Once again, 'bottomFrame' is referenced. Change if needed.
How does it work?

The code in the content page checks to see if it's loaded into 'bottomFrame' (i.e. correctly positioned in the appropriate frameset). If not, it calls the index page, and sends a reference to itself (path to the file and any parameters) and a reference to 'bottomFrame' for the frameJammer function to access.

The frameJammer() function checks to see if it needs to do anything (is '~bottomFrame' in the refering URL?), and if so, splits the parameter string back into its component parts, and uses the parts to load the page into the frameset correctly.

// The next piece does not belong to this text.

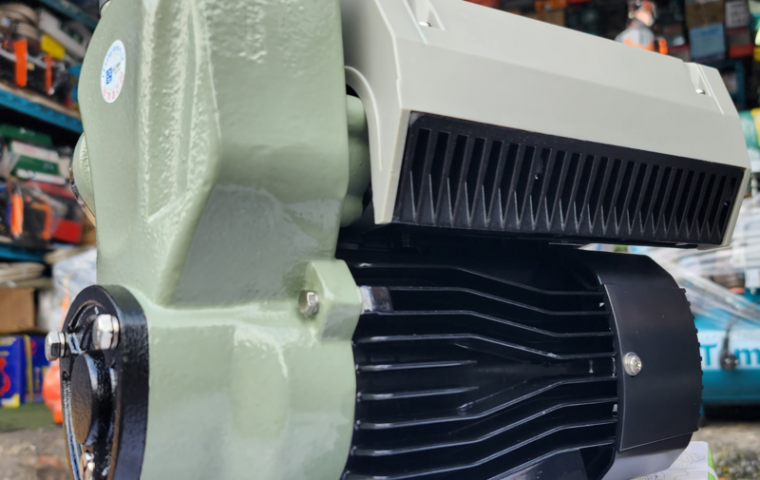 Máy bơm tăng áp biến tần Shirai IW 600AP Chính Hãng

If you need to trap more than one frame, just expand the second line of the frameJammer() function:

if (pageURL.IndexOf("~bottomFrame") ¦¦ pageURL.IndexOf("~topFrame"))

DavidT

5:16 pm on Apr 25, 2003 (gmt 0)

10+ Year Member



Am wondering if there is any possiblity that Google would view dimly the frame jammer function on a hand check since it prevents users from viewing the cached version of pages doesn't it?

DavidT

7:08 am on Apr 26, 2003 (gmt 0)

10+ Year Member



This just today, Googlebot seeming to call the frame jamming function, like this:

"GET /?internal-page.html~mainframe HTTP/1.0" 200 13249 "-" "Googlebot/2.1 (+http://www.googlebot.com/bot.html)"

1. internal-page.html is wrong syntax for this page should be Internal-Page.html
2. Actually what it pulled was the index page, '13249' kb is for that.

I have never seen Googlebot doing this on my site before.